I blog because I love to write and I love to think. I love writing about why I think the way I do (philosophy). I blog because I think I have an interesting take on the world, being a broadly educated guy who attempts to apply the lessons of evolution and ecology to human interaction. I blog because you can only have one (1.25 in my case) career, but you can have many interests. And, of course, I blog because it’s a good ego boost.

Words and Numbers. That’s how I see the world. Words are important, they define what we experience, they help us categorize and systematize it. They help turn the infinite complexity around us into an intelligible construct. And numbers. Whether Newton’s Theory of Universal Gravitation or the Laws of Supply and Demand, numbers are a powerful predictive force, even when it comes to understanding the choices that as complex a being as a human makes.

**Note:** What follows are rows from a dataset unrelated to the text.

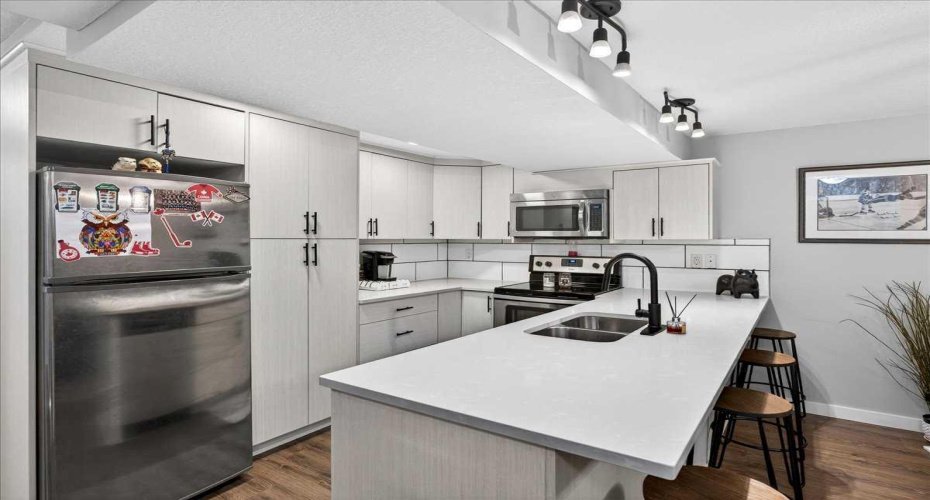 2815 17 Street, Calgary, Alberta T2T 6T5, 2 Bedrooms Bedrooms, ,1 BathroomBathrooms,Residential,For Sale,17,A2287609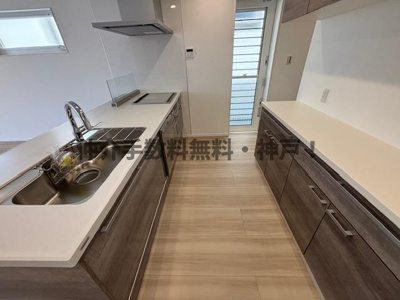 【キッチン】 | 神戸市西区富士見が丘２丁目　新築戸建２号棟　仲介手数料無料！ | キッチンです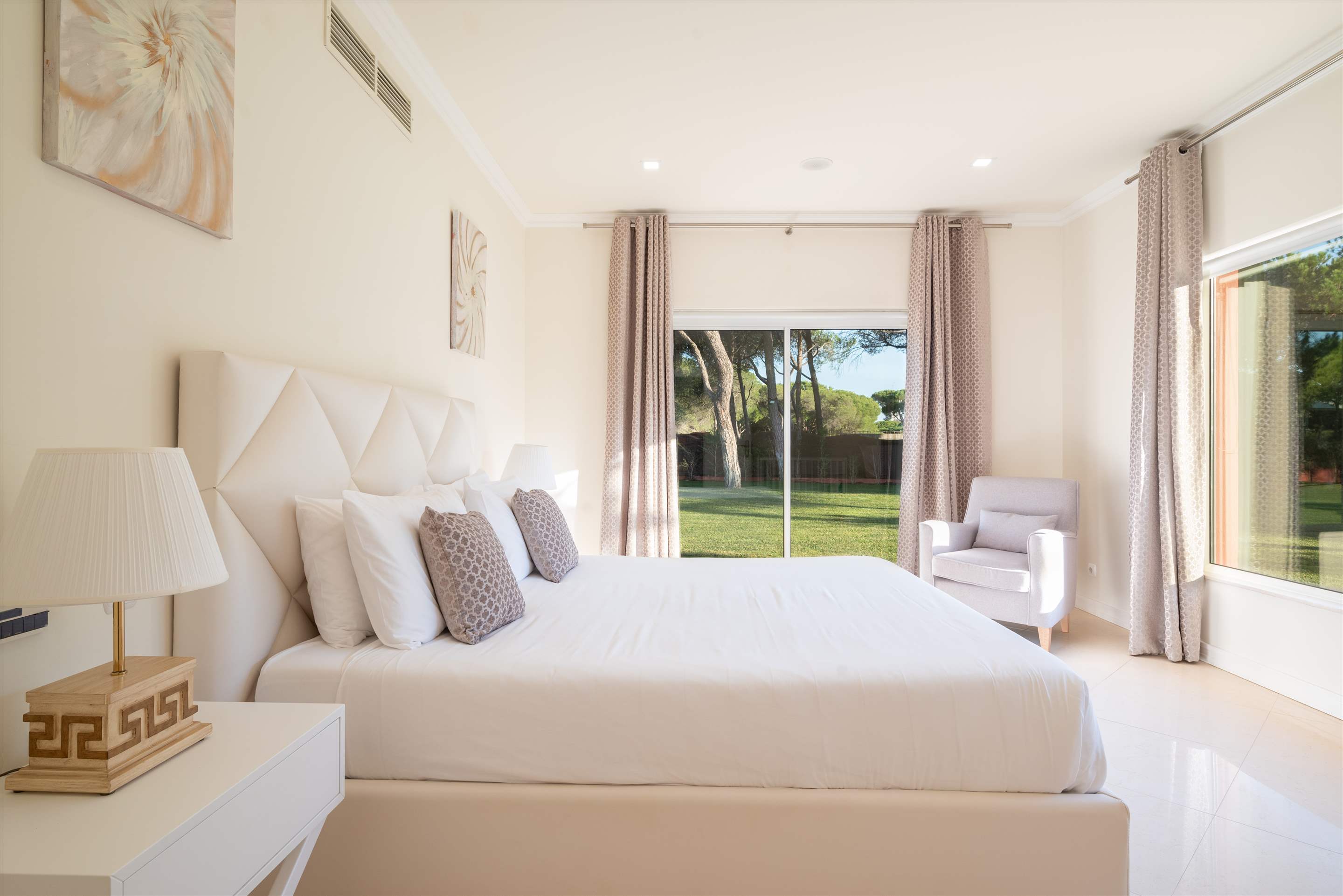 27 Pinhal Velho, 7 bedrooms rate, 7 bedroom villa in Vilamoura Area, Algarve Photo #19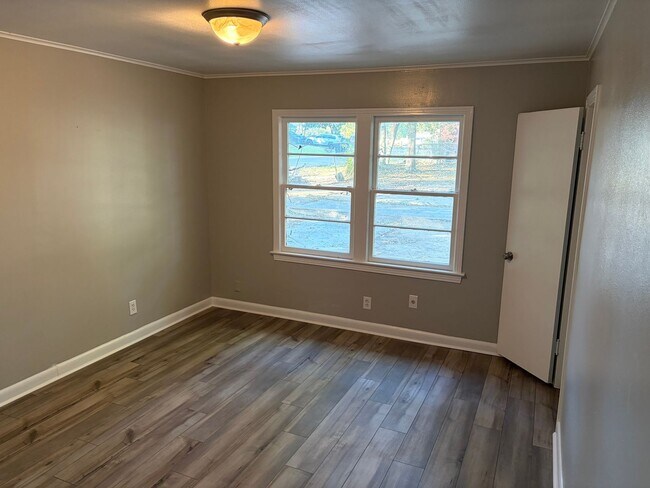 Building Photo - Nearly A New Home!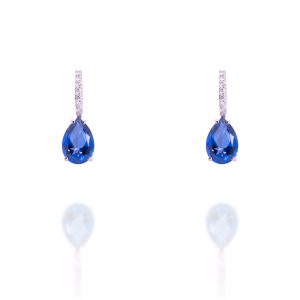 Pendientes brillantes y topacio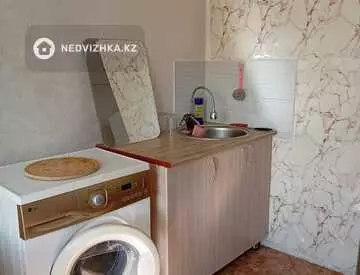 1-комнатная квартира, этаж 4 из 5, 17 м², миниатюра 12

I call myself a classical liberal because I’m dissatisfied with both groups claiming to be the tradition’s ideological heirs. Libertarians deify self-interest in an almost Randian way while failing to acknowledge that the market has limitations. Progressives on the other hand, posit that freedom and comfort are interchangeable and close their eyes to the evidence that humans are and will always be self-interested. One group takes too superficial a view of a valid concept (the efficiency of the market). In addition to its oxymoronic motto of “greater freedom through increased regulation!”, the other posits a political system based upon assumptions known to be completely invalid (group selection). Both are childish.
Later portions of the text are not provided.